6. Mai 2020: Kaum zu erwarten

Noch neunmal schlafen. Ich zähle die Tage wie ein Kind, das auf Weihnachten wartet. Für mich wird es sein wie Heiliger Abend, Ostern und Geburtstag zusammen. Den Moment, das weiß ich heute schon, werde ich festlich zelebrieren. Ich werde mich behutsam hinsetzen, jedes Bild um mich herum aufnehmen. Wenn Lisa, Ali oder Anita kommen, werde ich breit lächeln aufsetzen, sie herzlich begrüßen und sagen: „Einen Cappuccino mit Milchschaum, bitte!“ Lisa, Ali oder Anita werden, ebenfalls lächelnd, antworten: „Gerne, Hannes.“ In diesem Moment wird uns bewusst sein, dass wir einen kleinen Teil unserer gemeinsamen, wertvollen, unser aller Leben bereichernden Realität wieder zurückgewonnen haben: einen Besuch im Kaffeehaus.

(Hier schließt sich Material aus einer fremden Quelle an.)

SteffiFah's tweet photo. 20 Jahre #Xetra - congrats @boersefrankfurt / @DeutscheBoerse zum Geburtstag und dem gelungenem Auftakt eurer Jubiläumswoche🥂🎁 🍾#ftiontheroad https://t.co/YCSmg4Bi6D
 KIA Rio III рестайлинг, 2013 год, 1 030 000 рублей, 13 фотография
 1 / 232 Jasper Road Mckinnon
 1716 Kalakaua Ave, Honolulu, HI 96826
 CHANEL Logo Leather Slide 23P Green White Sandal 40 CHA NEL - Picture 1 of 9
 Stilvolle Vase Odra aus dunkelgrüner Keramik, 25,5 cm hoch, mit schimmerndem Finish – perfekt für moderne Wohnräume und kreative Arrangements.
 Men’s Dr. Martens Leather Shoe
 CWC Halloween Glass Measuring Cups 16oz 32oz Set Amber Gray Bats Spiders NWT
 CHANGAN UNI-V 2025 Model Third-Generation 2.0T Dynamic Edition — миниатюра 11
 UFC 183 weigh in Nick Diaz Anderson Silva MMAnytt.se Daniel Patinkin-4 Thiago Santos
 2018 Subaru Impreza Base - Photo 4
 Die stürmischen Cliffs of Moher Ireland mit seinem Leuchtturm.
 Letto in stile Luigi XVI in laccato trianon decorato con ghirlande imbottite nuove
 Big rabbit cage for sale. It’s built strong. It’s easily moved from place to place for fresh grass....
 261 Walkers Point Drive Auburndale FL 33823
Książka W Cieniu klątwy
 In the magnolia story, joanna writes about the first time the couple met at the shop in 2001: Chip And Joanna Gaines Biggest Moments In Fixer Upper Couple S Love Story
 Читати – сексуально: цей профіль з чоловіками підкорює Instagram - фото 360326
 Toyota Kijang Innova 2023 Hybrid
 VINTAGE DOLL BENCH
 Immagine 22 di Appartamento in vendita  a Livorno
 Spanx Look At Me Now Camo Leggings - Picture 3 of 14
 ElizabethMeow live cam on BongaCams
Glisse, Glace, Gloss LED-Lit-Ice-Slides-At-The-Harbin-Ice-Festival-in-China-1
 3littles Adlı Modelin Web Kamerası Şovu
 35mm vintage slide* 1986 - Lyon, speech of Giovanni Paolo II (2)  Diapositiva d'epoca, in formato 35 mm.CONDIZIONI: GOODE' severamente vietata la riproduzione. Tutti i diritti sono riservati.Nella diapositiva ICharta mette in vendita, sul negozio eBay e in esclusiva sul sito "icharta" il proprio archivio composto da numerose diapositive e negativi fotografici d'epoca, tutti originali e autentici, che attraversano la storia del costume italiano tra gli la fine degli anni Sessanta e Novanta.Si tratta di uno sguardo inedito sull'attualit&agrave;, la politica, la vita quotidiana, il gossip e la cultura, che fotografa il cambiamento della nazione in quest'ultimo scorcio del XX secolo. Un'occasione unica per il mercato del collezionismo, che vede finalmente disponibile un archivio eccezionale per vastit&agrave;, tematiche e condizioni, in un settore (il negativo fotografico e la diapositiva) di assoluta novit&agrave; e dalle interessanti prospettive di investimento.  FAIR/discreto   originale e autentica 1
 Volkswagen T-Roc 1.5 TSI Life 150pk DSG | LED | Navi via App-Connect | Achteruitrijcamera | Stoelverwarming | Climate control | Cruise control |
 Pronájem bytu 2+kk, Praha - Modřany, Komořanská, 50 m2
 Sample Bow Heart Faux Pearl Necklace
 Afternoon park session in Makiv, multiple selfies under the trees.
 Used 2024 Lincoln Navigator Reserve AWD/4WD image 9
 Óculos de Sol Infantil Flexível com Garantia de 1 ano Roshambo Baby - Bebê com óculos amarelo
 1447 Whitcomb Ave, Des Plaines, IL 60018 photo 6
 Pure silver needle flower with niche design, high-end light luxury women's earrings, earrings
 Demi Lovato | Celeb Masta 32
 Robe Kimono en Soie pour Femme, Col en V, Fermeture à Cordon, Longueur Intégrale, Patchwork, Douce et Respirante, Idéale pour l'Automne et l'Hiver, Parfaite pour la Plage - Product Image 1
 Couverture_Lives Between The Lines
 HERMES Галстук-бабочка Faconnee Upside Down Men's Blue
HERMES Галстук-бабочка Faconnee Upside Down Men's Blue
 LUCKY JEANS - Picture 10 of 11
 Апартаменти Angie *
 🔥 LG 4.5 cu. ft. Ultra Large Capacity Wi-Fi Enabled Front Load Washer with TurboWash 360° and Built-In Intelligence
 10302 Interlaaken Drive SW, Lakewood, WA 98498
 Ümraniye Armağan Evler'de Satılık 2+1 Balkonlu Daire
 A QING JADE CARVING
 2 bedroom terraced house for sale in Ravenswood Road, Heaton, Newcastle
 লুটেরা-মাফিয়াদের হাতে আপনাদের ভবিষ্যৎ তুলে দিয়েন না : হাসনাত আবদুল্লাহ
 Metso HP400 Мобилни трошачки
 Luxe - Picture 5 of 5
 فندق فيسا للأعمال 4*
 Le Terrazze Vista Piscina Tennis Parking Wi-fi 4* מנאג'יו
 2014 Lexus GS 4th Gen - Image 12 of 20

Die Zeit bis zum 15. Mai, wenn auch Cafés, Restaurants und andere Gaststätten wieder öffnen dürfen, vertreibt sich ein Kaffeehausmensch wie ich mit dem Schwelgen in Erlebnissen an diesen Orten des Genusses, der Kommunikation, des glücklichen Zeitvertreibs. Ein besonders schönes trug sich vor gut drei Jahren im Café Castello am Feldbacher Hauptplatz zu.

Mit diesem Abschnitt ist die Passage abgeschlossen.